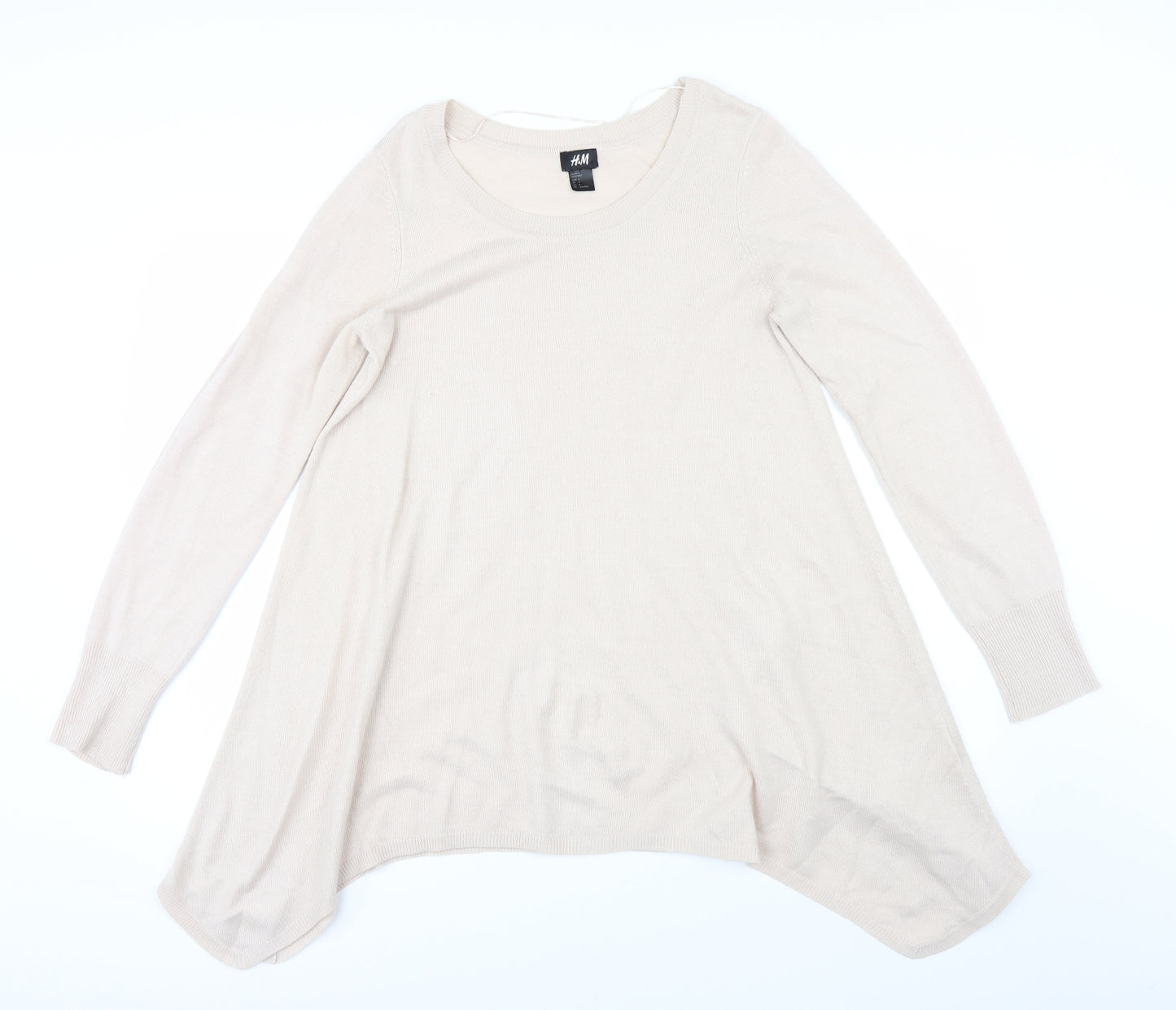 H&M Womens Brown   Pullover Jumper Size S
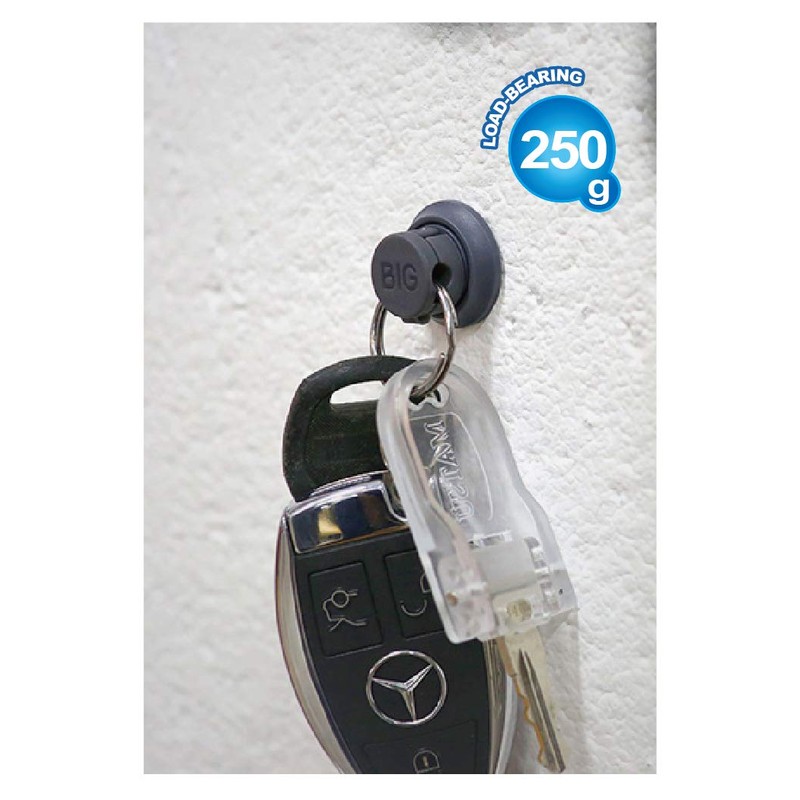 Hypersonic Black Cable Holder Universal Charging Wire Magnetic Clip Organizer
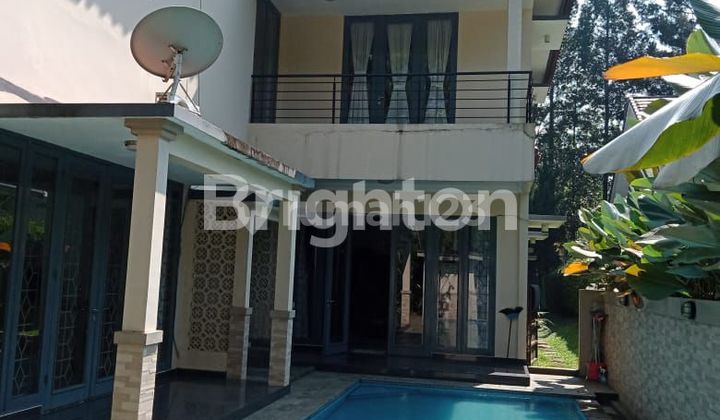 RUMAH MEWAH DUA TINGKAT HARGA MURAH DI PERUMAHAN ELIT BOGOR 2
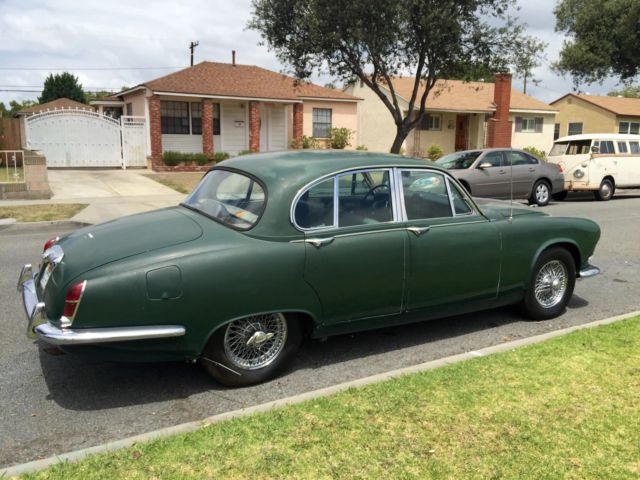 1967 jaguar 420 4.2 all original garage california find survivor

-*-*-

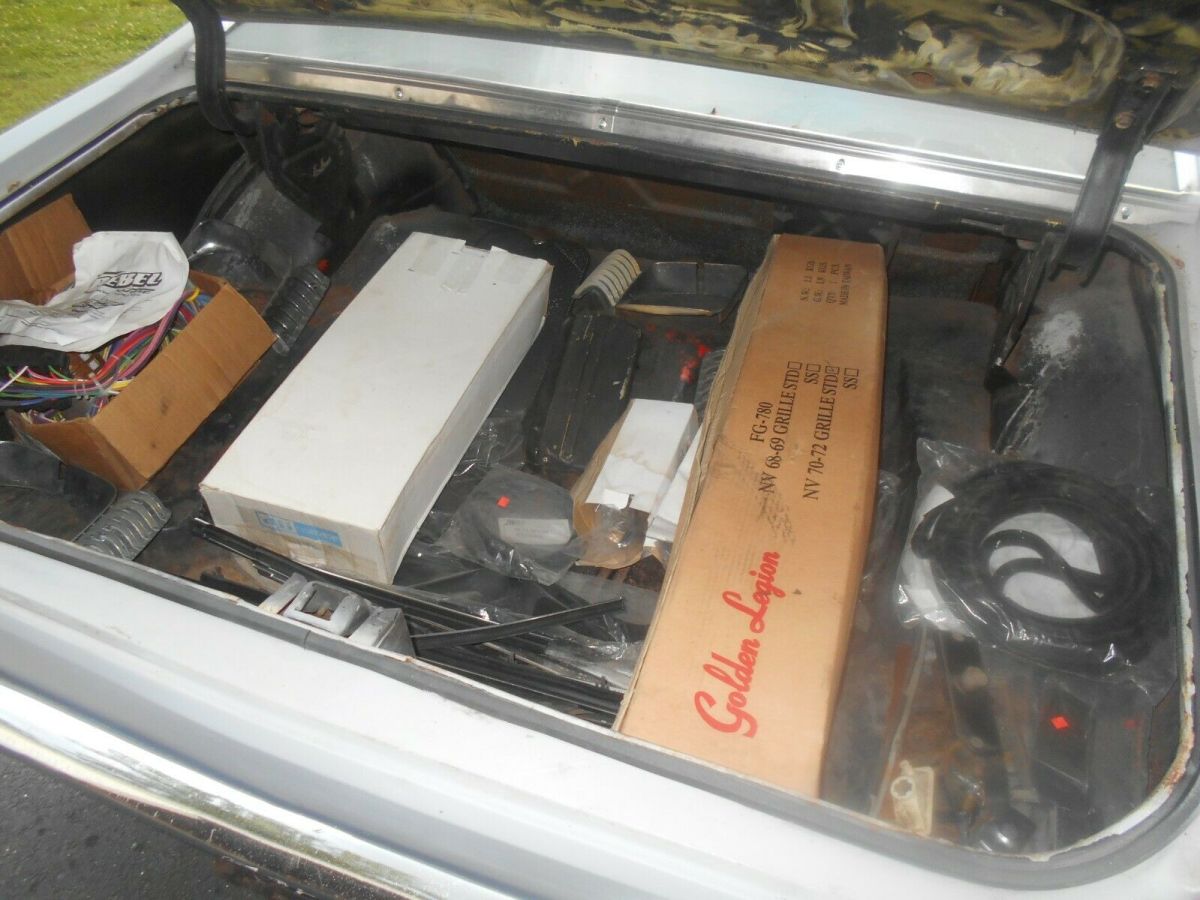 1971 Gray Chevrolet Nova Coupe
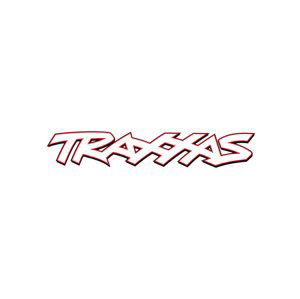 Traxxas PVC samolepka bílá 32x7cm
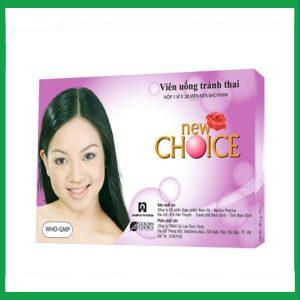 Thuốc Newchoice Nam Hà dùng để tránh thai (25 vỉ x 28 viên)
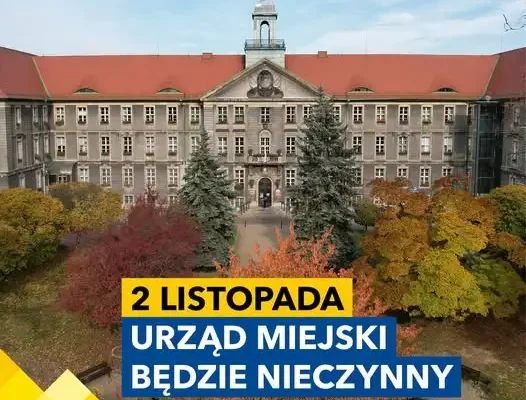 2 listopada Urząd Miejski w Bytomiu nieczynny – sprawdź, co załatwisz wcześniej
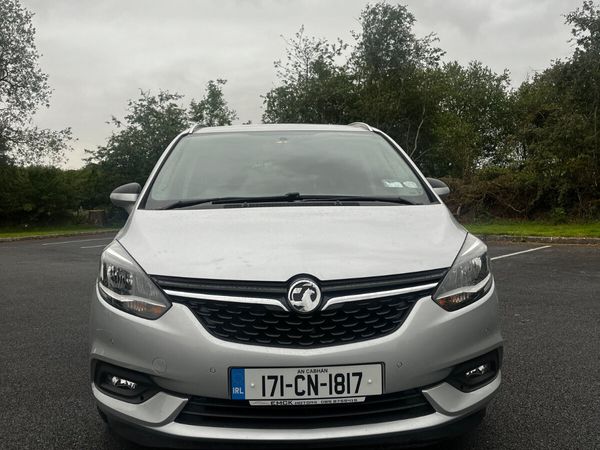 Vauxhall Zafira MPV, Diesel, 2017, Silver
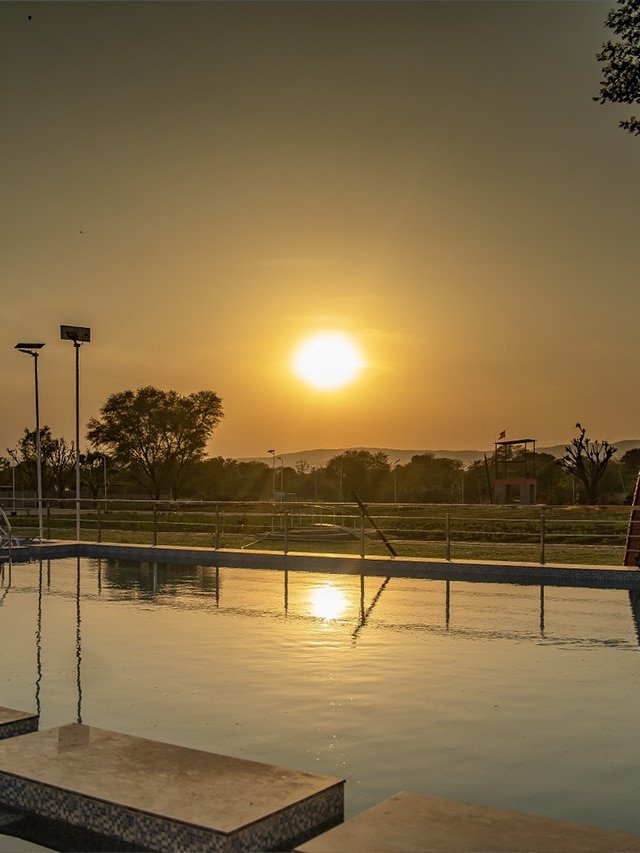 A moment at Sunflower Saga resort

-*-*-

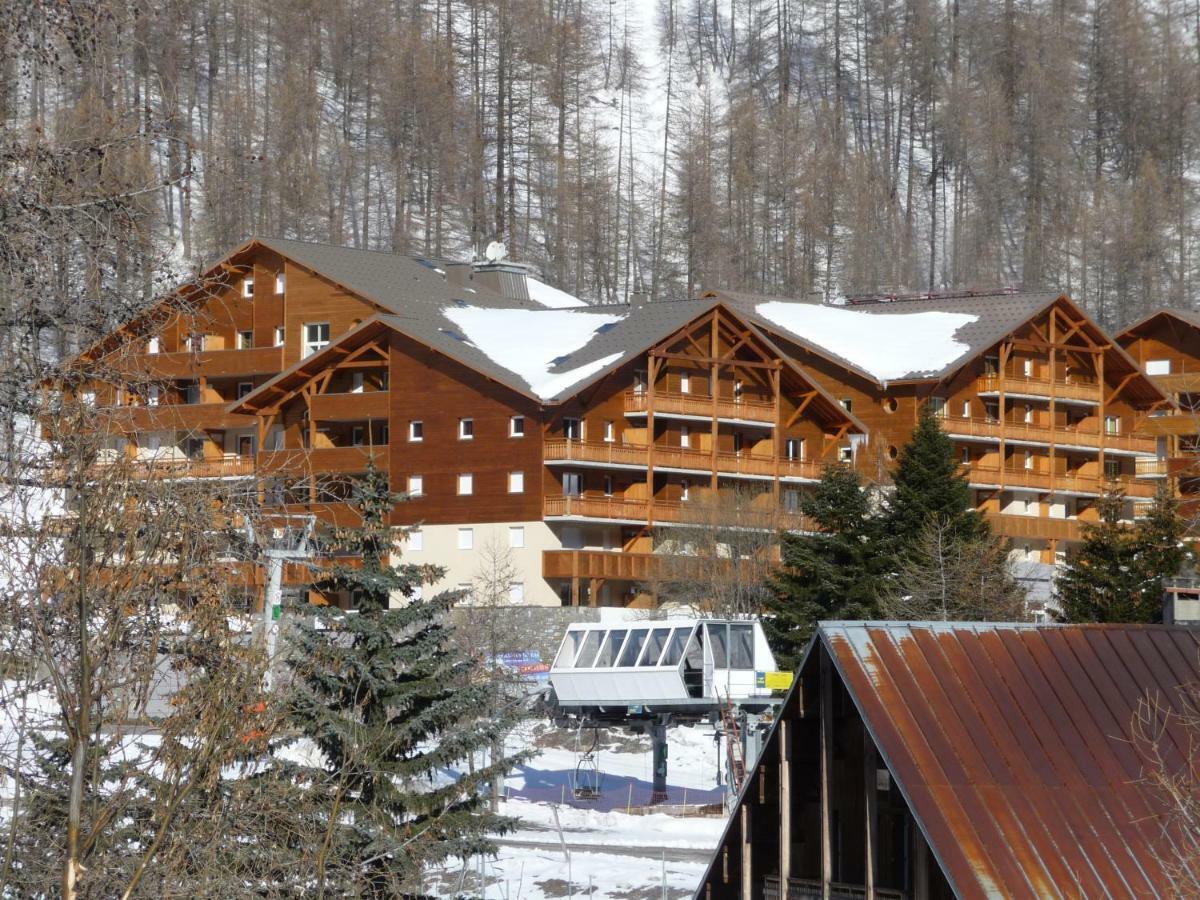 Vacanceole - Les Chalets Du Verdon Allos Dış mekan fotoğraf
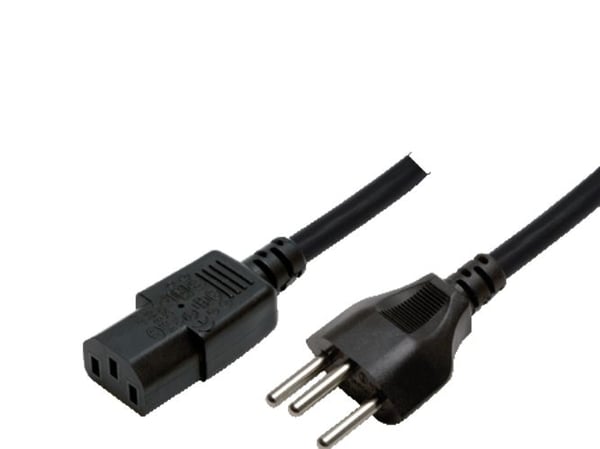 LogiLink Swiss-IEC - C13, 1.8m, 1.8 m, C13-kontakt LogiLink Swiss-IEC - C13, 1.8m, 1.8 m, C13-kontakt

-*-*-

REQUIRED WORK – Within the entries above, the lines from the one containing "H&M Womens Brown" through the one containing "1967 jaguar 420" are to be transcribed exactly, ends included, pictures excluded.

YOUR RESPONSE –
 H&M Womens Brown   Pullover Jumper Size S
 Hypersonic Black Cable Holder Universal Charging Wire Magnetic Clip Organizer
 RUMAH MEWAH DUA TINGKAT HARGA MURAH DI PERUMAHAN ELIT BOGOR 2
 1967 jaguar 420 4.2 all original garage california find survivor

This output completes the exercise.